Según el ingeniero, la
producción anual de esa fábrica ascendía a siete millones de ejemplares. Pero
lo que me impresionó no fue la cantidad de libros que imprimían, sino la casi
absoluta prescindencia de mano de obra. Para imprimir un libro es suficiente
poner papel, tinta y unos polvos grises en una abertura en forma de embudo de la máquina. Una vez que
esos materiales se han colocado en ella, en menos de cinco minutos empieza a
salir una gran cantidad de libros de todos tamaños, cuartos, octavos, etc.

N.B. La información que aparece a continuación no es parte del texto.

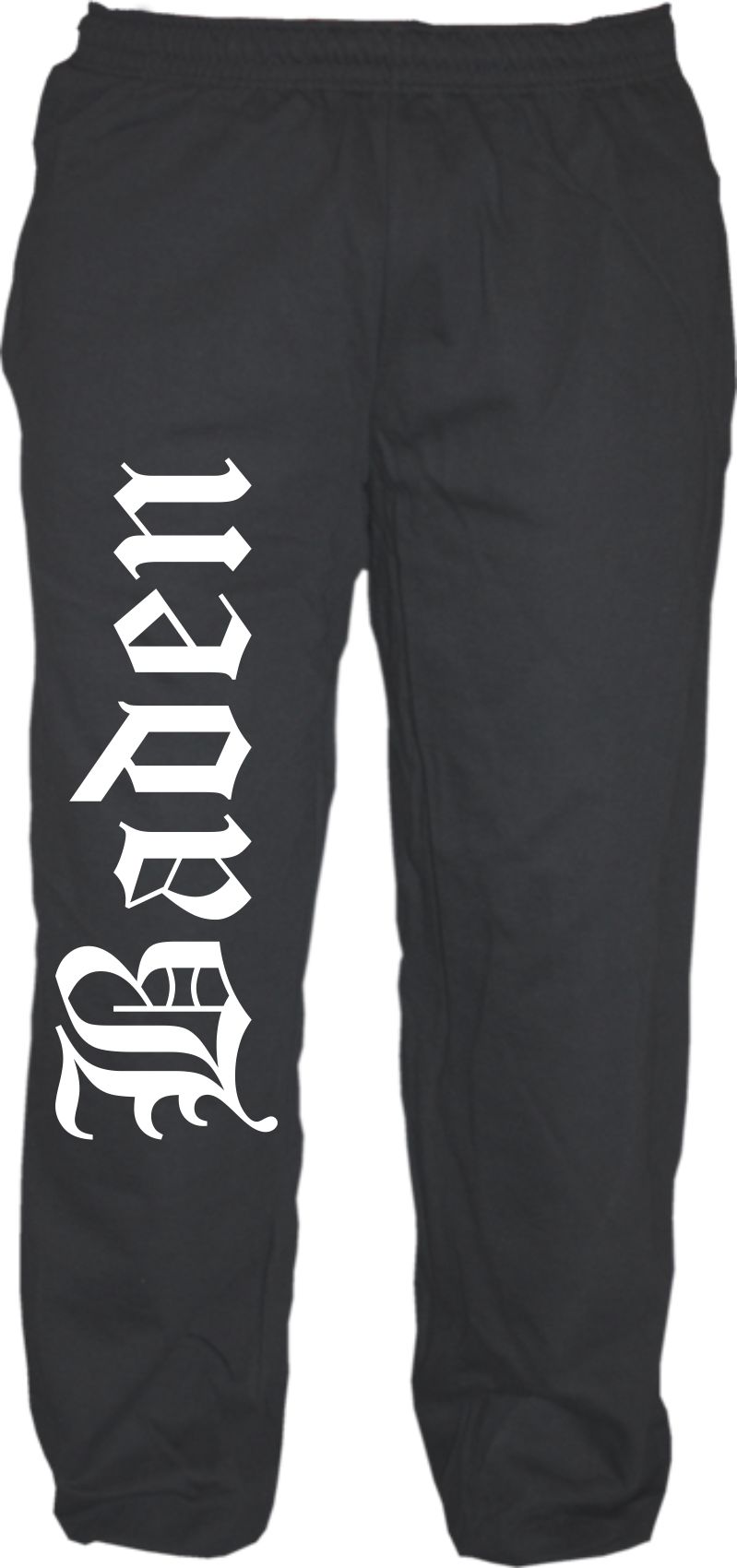 Baden Jogginganzug - Altdeutsch - Jogginghose und Hoodie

Mirando cómo salían los libros en torrente, le pregunté al ingeniero qué era el
polvo gris que se empleaba. Éste, de pie y con aire de importancia frente a las
máquinas que relucían con negro brillo, contestó indiferentemente:
-¿Este polvo? Es de sesos
de asno. Se secan los sesos y se los convierte en polvo. El precio actual es de
dos a tres centavos la tonelada.
Por supuesto, la
fabricación de libros no era la única rama industrial donde se habían logrado
tales milagros. Lo mismo ocurría en las fábricas de pintura y de música.

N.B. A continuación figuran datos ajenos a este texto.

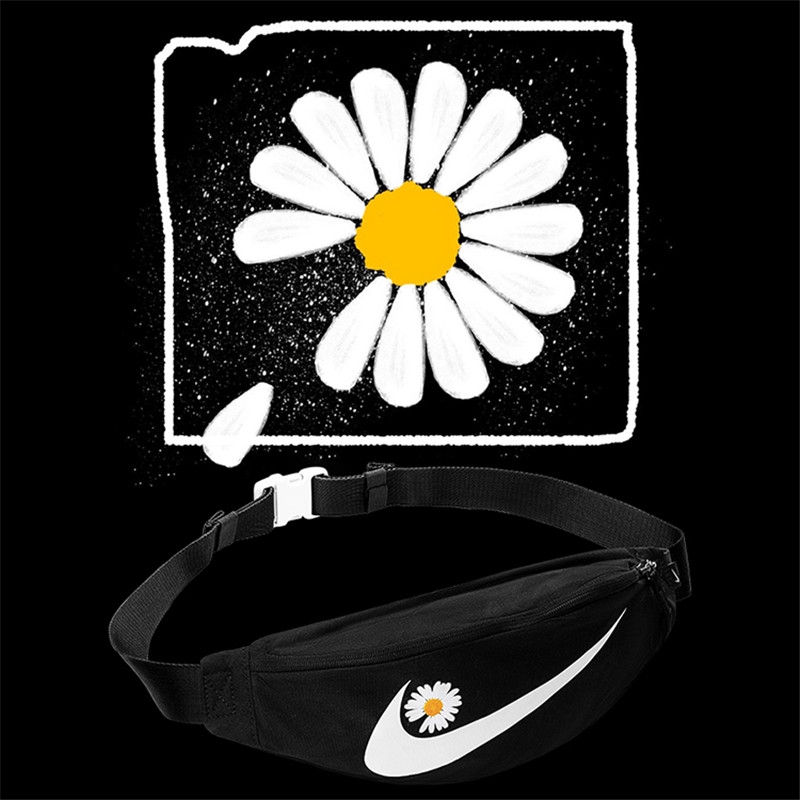 nike waist bag flower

Contaba Gael que en aquel país se inventaban alrededor de setecientas u
ochocientas clases de máquinas por mes, y que cualquier artículo se fabricaba
en gran escala, disminuyendo considerablemente la mano de obra. En
consecuencia, los obreros despedidos no bajaban de cuarenta o cincuenta mil por
mes. Pero lo curioso era que, a pesar de todo ese proceso industrial, los
diarios matutinos no anunciaban ninguna clase de huelga. Como me había parecido
muy extraño este fenómeno, cuando fui a cenar a la casa de Gael en compañía de
Pep y Chack, pregunté sobre este particular.
-Porque se los comen a
todos.
Gael contestó
impasiblemente, con un cigarro en la boca. Pero yo no había entendido qué quería decir
con eso de que "se los comen". Advirtiendo mi duda, Chack, el de los
anteojos, me explicó lo siguiente, terciando en nuestra conversación.
-Matamos a todos los
obreros despedidos y comemos su carne. Mire este diario. Este mes despidieron a
64.769 obreros, de manera que de acuerdo con esa cifra ha bajado el precio de
la carne.
-¿Y los obreros se dejan
matar sin protestar?
-Nada pueden hacer aunque
protesten -dijo Pep, que estaba sentado frente a un durazno salvaje. Tenemos la "Ley de Matanzas de
Obreros".
Por supuesto, me indignó la respuesta. Pero ,
no sólo Gael, el dueño de casa, sino también Pep y Chack, encaraban el problema
como lo más natural del mundo. Efectivamente, Chack sonrió y me habló en forma
burlona.
-Después de todo, el
Estado le ahorra al obrero la molestia de morir de hambre o de suicidarse. Se
les hace oler un poco de gas venenoso, y de esa manera no sufren mucho.
-Pero eso de comerse la
carne, francamente...
-No diga tonterías. Si
Mag escuchara esto se moriría de risa. Dígame, ¿acaso en su país las mujeres de
la clase baja no se convierten en prostitutas? Es puro sentimentalismo eso de
indignarse por la costumbre de comer la carne de los obreros.
Gael, que escuchaba la
conversación, me ofreció un plato de sándwiches que estaba en una mesa cercana
y me dijo tranquilamente:
-¿No se sirve uno?
También está hecho de carne de obrero.